Skip all pictures; return exactly the lines from the one containing "În declin de" through the end of the data.

*** Material supplied Section Begins ***

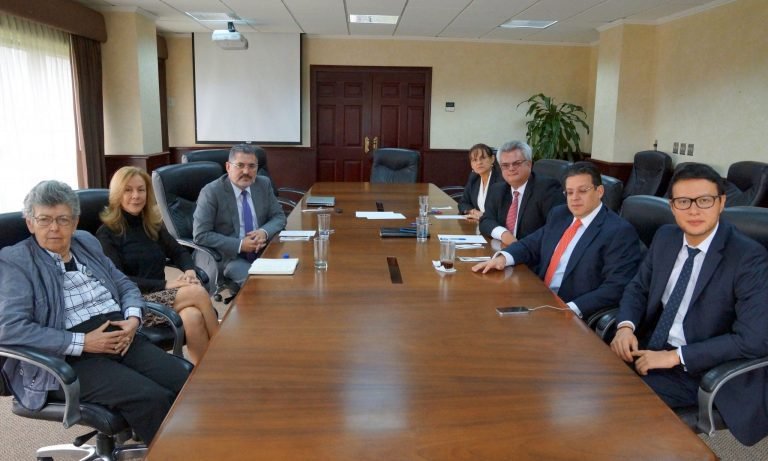 Exministros de Justicia unen esfuerzos para reducir el hacinamiento carcelario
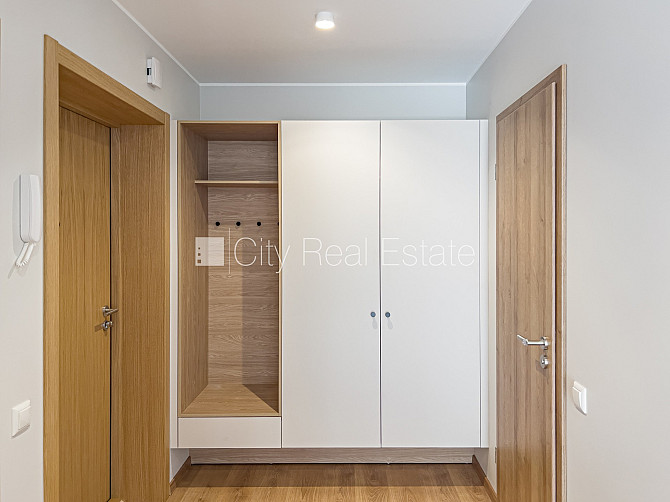 Фасадный дом, реновированный дом, вход с улицы, лестничная клетка после Рига - изображение 7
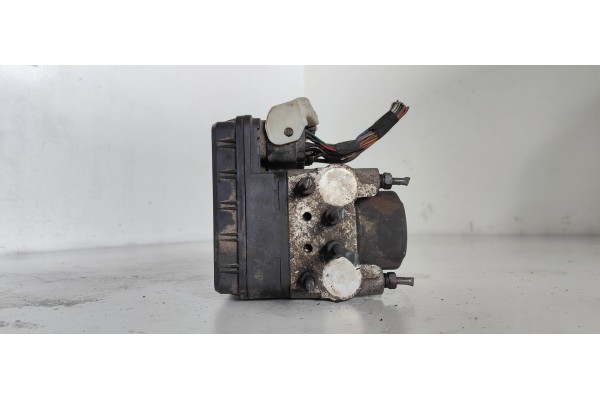 Recambio de abs para toyota celica (t23) 1.8 referencia OEM IAM 4451020340  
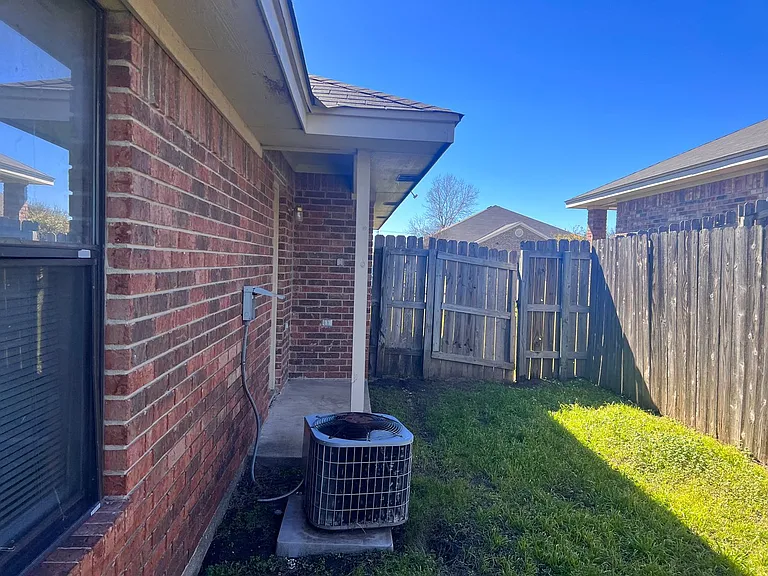 4505 John David Dr — Photo 11
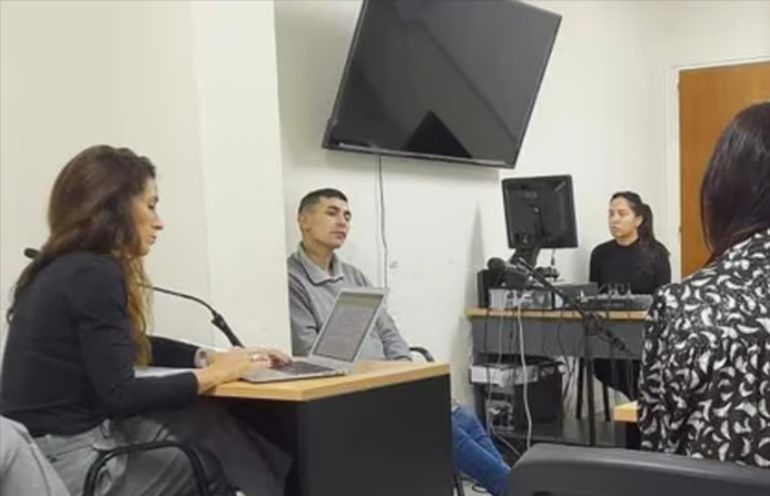 El juicio por jurados contra Enrique Silva se realiza el 26 y 27 de febrero en Comodoro Rivadavia, Chubut. El juicio por jurados contra Enrique Silva se realiza el 26 y 27 de febrero en Comodoro Rivadavia, Chubut.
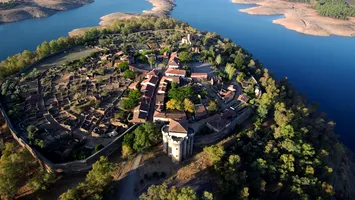 În declin de 55 de ani: un oraș din Spania a fost abandonat accidental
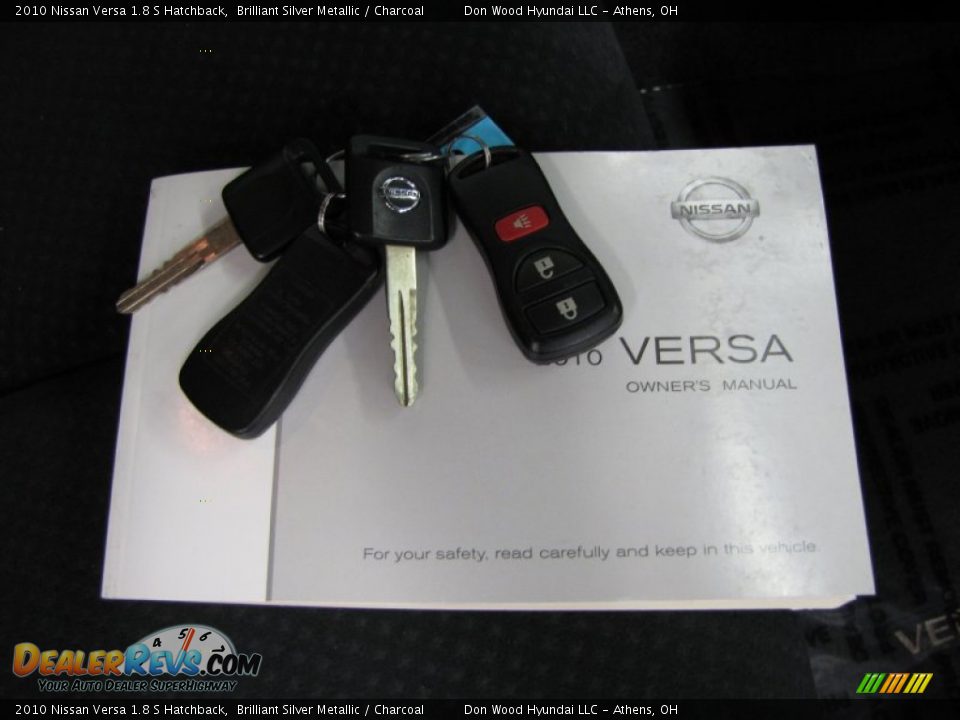 2010 Nissan Versa 1.8 S Hatchback Brilliant Silver Metallic / Charcoal Photo #27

*** Material supplied Section Ends ***

**Task solution**
 În declin de 55 de ani: un oraș din Spania a fost abandonat accidental
 2010 Nissan Versa 1.8 S Hatchback Brilliant Silver Metallic / Charcoal Photo #27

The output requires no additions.